Luminit scientists have been on the forefront of Holographic Optical Elements (HOEs) for NEDs and Head Mounted Displays (HMDs) for years [See Ref. 1]. Even at its early stages, our technology could rival Google Glass in terms of see through transmission, field-of-view and virtual image position. In Luminit’s HMD the virtual image position can be controlled and placed either in the direct view, shifted to the side, or down or up as in Google Glass. Today, Luminit’s experienced research scientists and engineers are considered field experts in the use of holograms for NEDs and currently tailor products to fit customers’ needs, whether a monochrome or full color system is needed, as seen in Figure 1.
Figure 1: Virtual green and full color images can be seen with Luminit’s SGWH-based see-through HMD.

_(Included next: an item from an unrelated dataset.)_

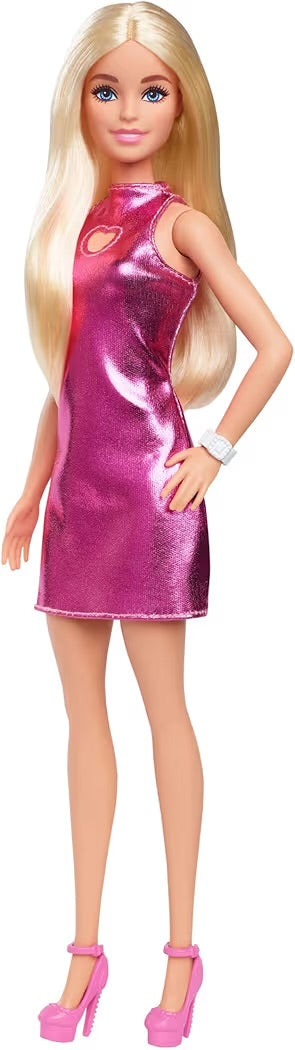 Mattel Barbie Fashionistas 230 HYT88 Bambola con Capelli Biondi, Abito Rosa Metallizzato e Accessori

With this technology, the viewer will see a virtual image that appears to be coming from a distance of infinity. Part of the optical setup responsible for creating these virtual images is a holographic lens, a piece of photopolymer that exhibits the same properties as a conventional lens. One of the biggest challenges facing the use of commercial holography in consumer NEDs is that, by nature, the holographic lens will distort the image. However, Luminit scientists have implemented procedures to minimize the distortion by prerecording the inverse of the predicted distortion. In other words, the two distortions cancel out, leaving crisp, clean images to the eye.
Another example of a way to eliminate the distortion in substrate guided wave-based holographic (SGHW) HMD is to replace the SGWH lens with additional regular refractive lens combined with the SGWH grating laminated to the transparent substrate. The second grating is laminated to the same substrate at some distance with respect to the first grating, and the gratings will couple light in and out of the waveguide. With the correct placement of the microdisplay in the front focal plane of the lens, the image is seen by looking through the second grating that is transparent. As seen in Figure 2, the virtual image can be easily retrieved with no loss of light from the real world.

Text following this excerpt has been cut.